==== INPUT MATERIAL
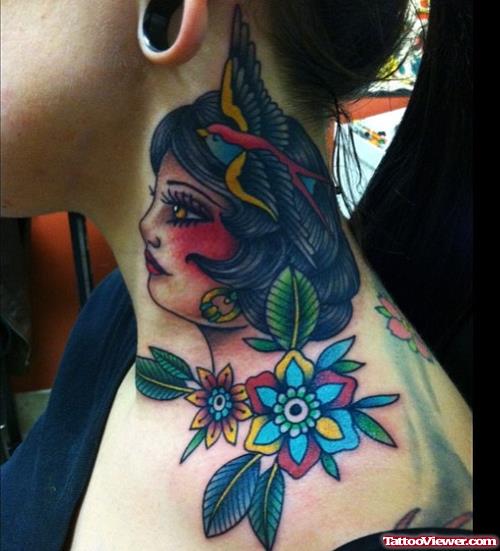 Awesome Blue Flower And Girl Head Tattoo on Neck
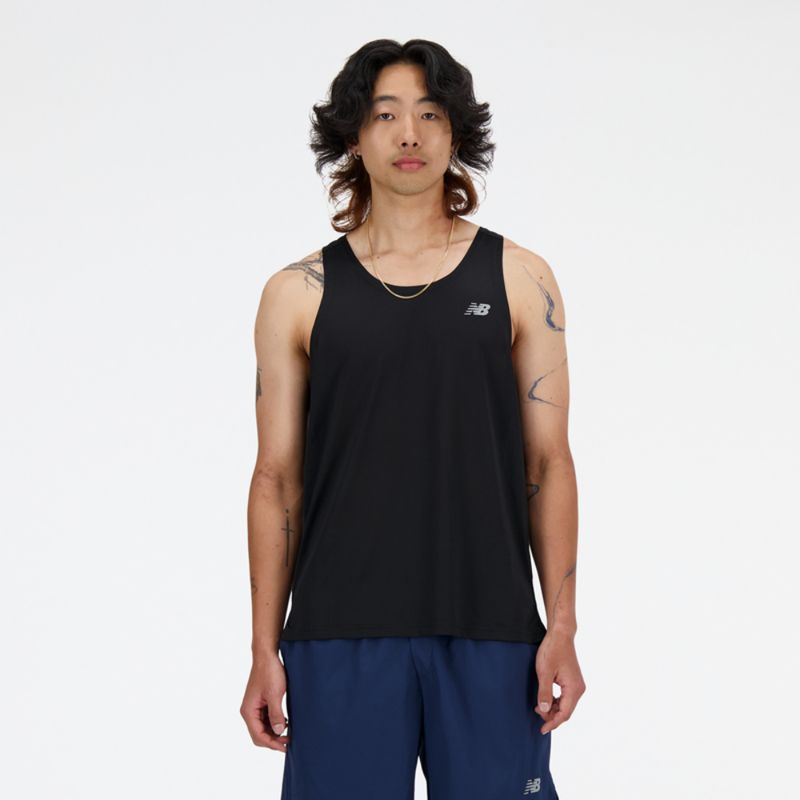NEW BALANCE - Polera Sin Mangas Hombre New Balance Negro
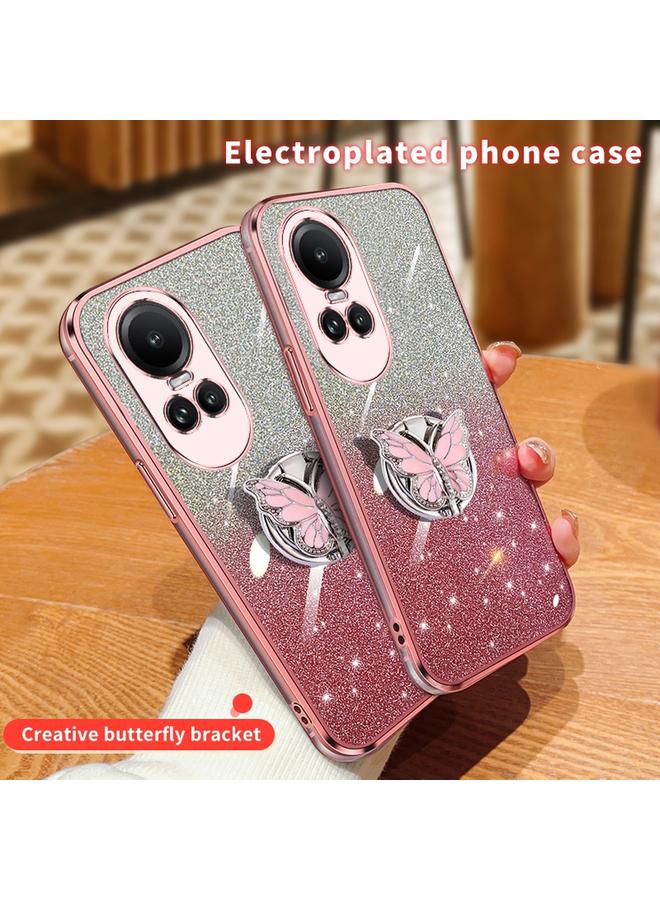S-TOP Case For OPPO Reno10 5G Global Plated Gradient Glitter Butterfly Holder TPU Phone Case - Image 3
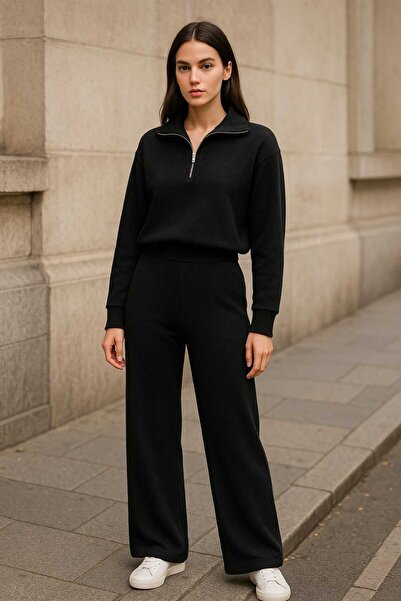 Moda Banuş Half Zipper Thessaloniki Fabric Wide Leg Black Tracksuit Set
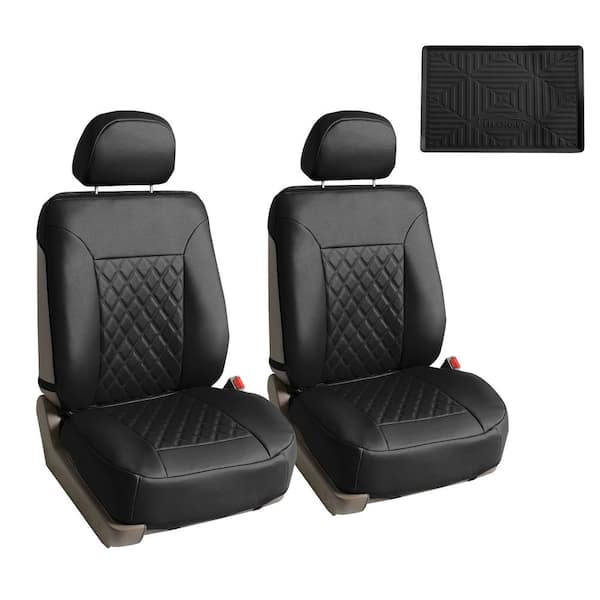 Luxury Carpeted CAR Front Rear Rubber Mats & Synthetic Leather Seat Covers BG-BL 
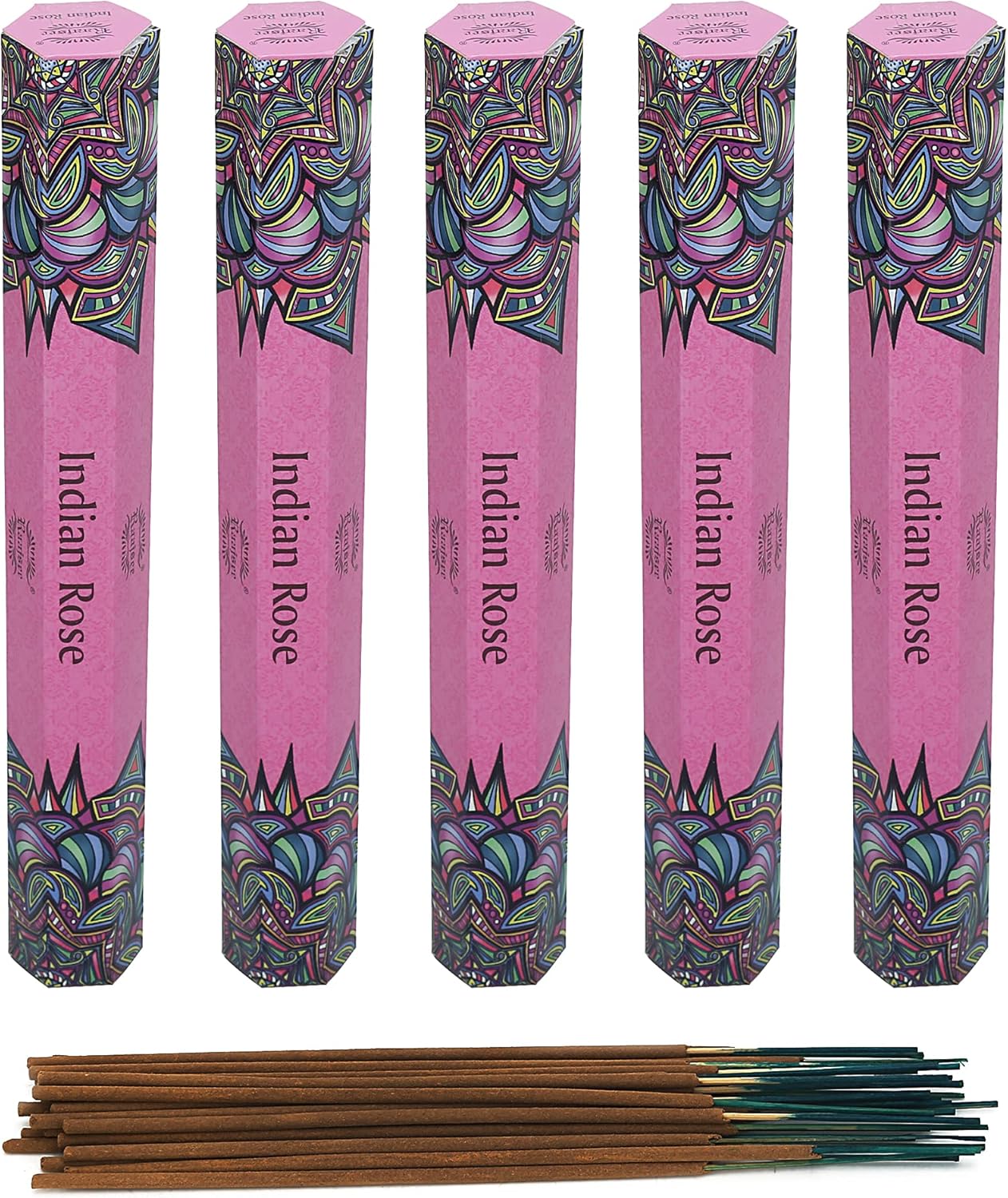 Raajsee Rose Incense Sticks 15 Sticks x 5 Pack -100% Pure Organic Natural Insense-Sticks - Hand Rolled Free from Chemicals - incent Perfect for Church Aromatherapy, Stress Relief, Meditation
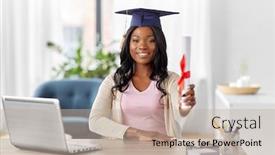  Presentation with african people - PPT theme consisting of e-learning-education-and-people background and a mint green colored foreground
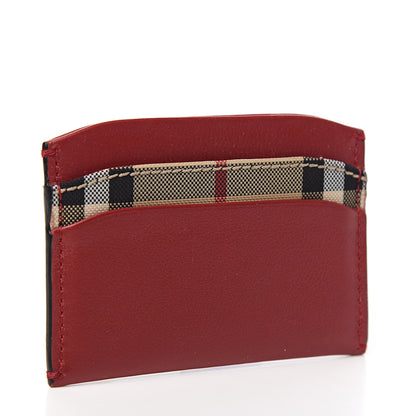 Burberry Calfskin Horseferry Check Izzy Card Case Red 2 of 7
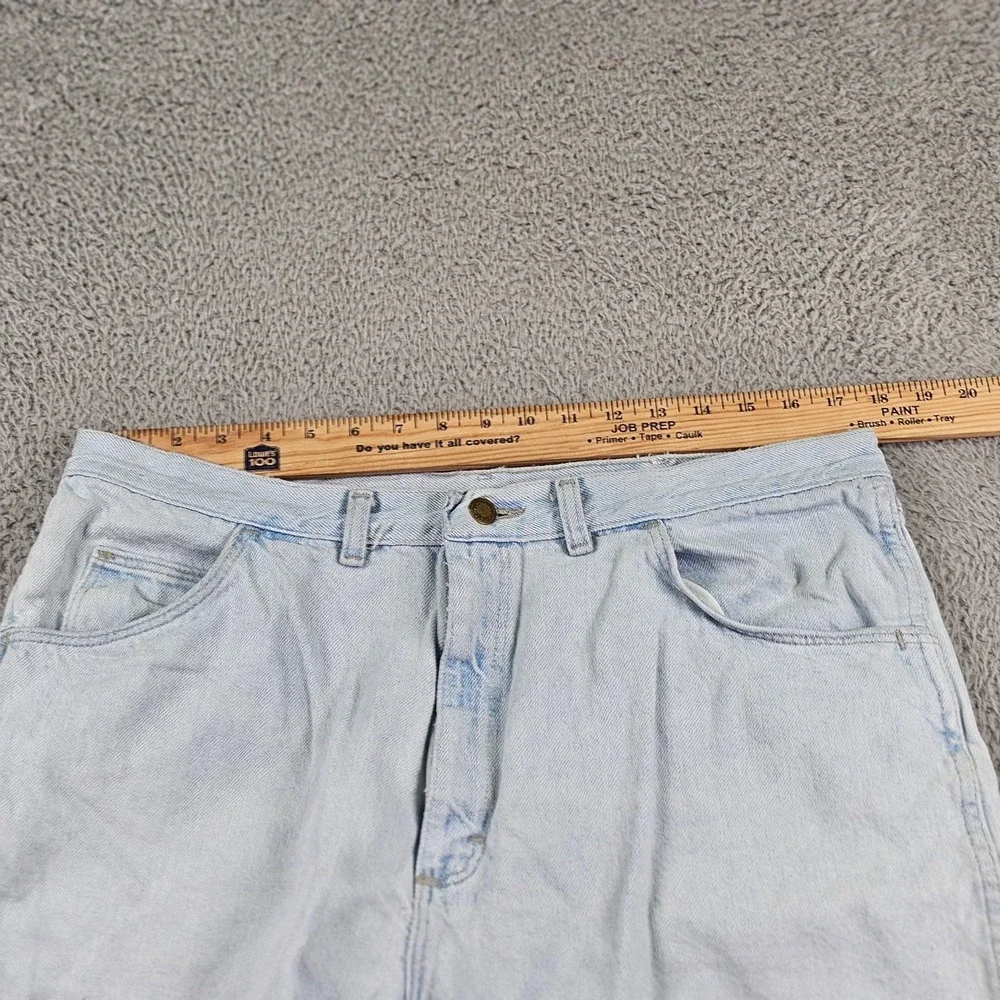 Wrangler Denim Shorts Mens 38 Relaxed Fit Jean Vintage Blue‎ Light Wash Casual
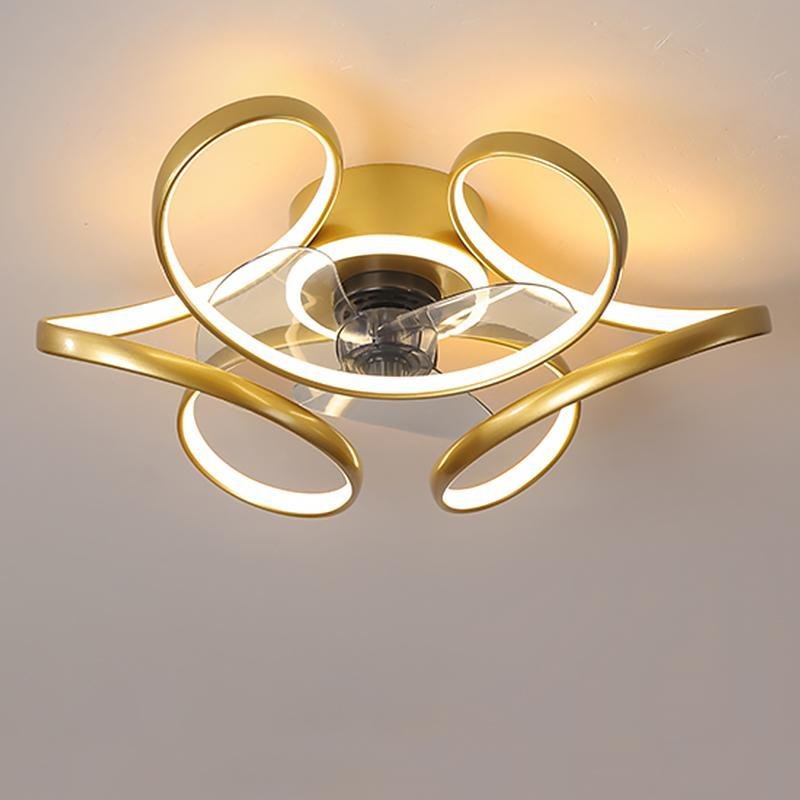 18'' Flower Shaped Modern Ceiling Fan with LED Light and Remote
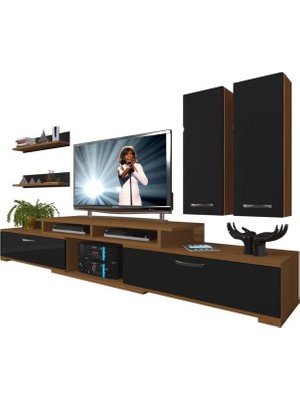Decoraktiv Flex 5D130 MDF Tv Ünitesi Tv Sehpası Ceviz Siyah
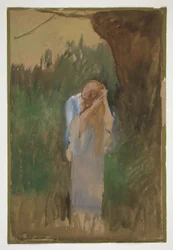 Femme dans un paysage, peignant ses longs cheveux blonds - (illustration non identifiée)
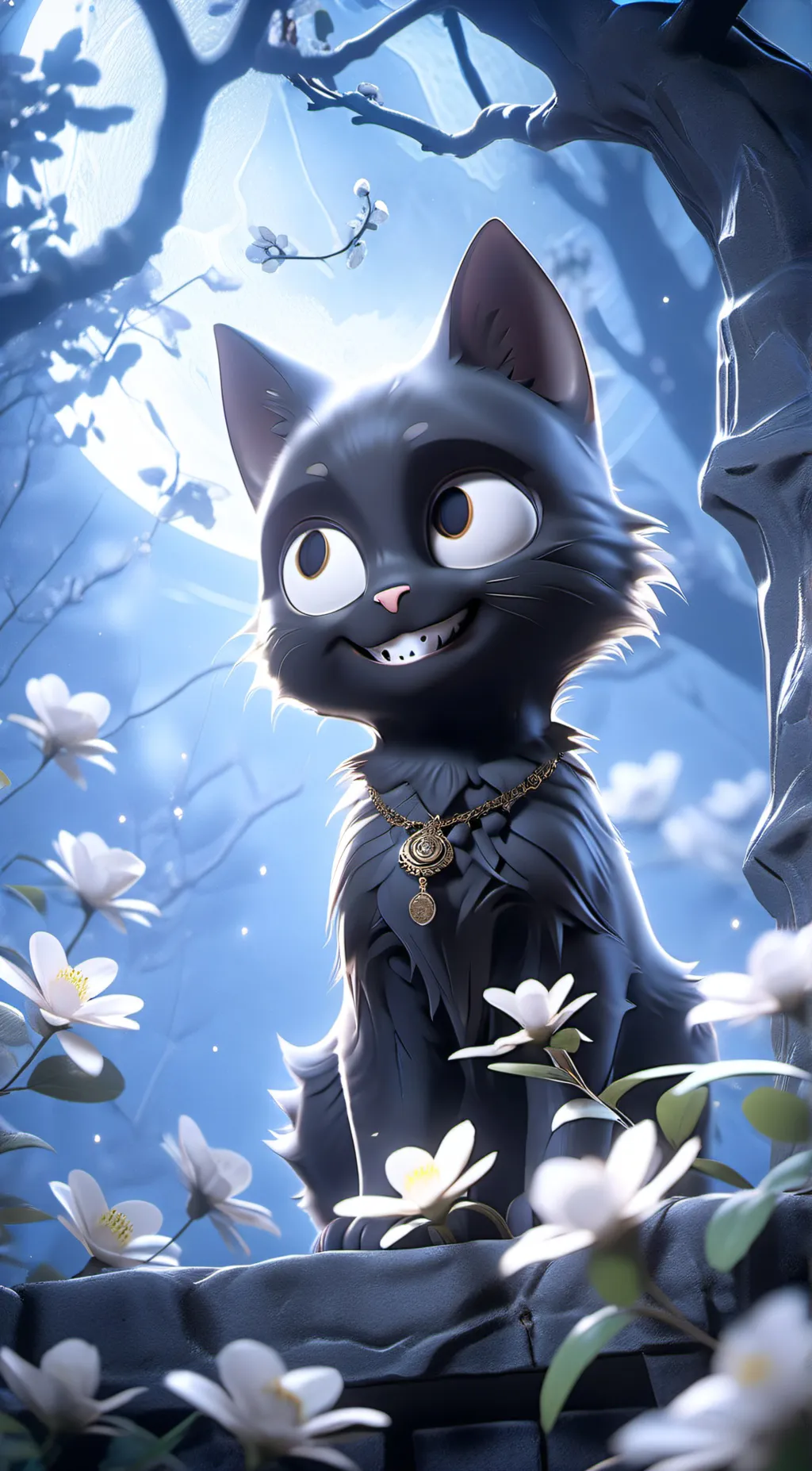 ai character: Cartoon cat  background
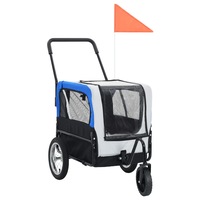 Remorca bicicleta carucior pentru animale, vidaXL, Tesatura, Gri si albastru, 135 x 56 x 97 cm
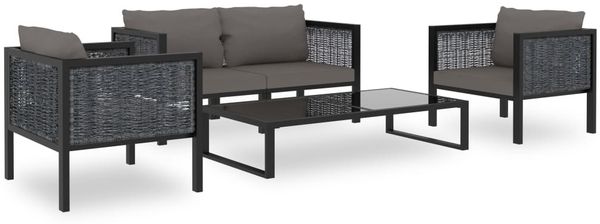 vidaXL 5-tlg. Garten-Lounge-Set mit Auflagen Poly Rattan Anthrazit 49408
========
> [INSTRUCTIONS FOR THE TASK]: Any picture found in the records stays out, while everything else is copied exactly.

> [TASK RESULT]:
 Awesome Blue Flower And Girl Head Tattoo on Neck
NEW BALANCE - Polera Sin Mangas Hombre New Balance Negro
S-TOP Case For OPPO Reno10 5G Global Plated Gradient Glitter Butterfly Holder TPU Phone Case - Image 3
 Moda Banuş Half Zipper Thessaloniki Fabric Wide Leg Black Tracksuit Set
 Luxury Carpeted CAR Front Rear Rubber Mats & Synthetic Leather Seat Covers BG-BL 
 Raajsee Rose Incense Sticks 15 Sticks x 5 Pack -100% Pure Organic Natural Insense-Sticks - Hand Rolled Free from Chemicals - incent Perfect for Church Aromatherapy, Stress Relief, Meditation
  Presentation with african people - PPT theme consisting of e-learning-education-and-people background and a mint green colored foreground
 Burberry Calfskin Horseferry Check Izzy Card Case Red 2 of 7
 Wrangler Denim Shorts Mens 38 Relaxed Fit Jean Vintage Blue‎ Light Wash Casual
 18'' Flower Shaped Modern Ceiling Fan with LED Light and Remote
Decoraktiv Flex 5D130 MDF Tv Ünitesi Tv Sehpası Ceviz Siyah
 Femme dans un paysage, peignant ses longs cheveux blonds - (illustration non identifiée)
 ai character: Cartoon cat  background
 Remorca bicicleta carucior pentru animale, vidaXL, Tesatura, Gri si albastru, 135 x 56 x 97 cm
 vidaXL 5-tlg. Garten-Lounge-Set mit Auflagen Poly Rattan Anthrazit 49408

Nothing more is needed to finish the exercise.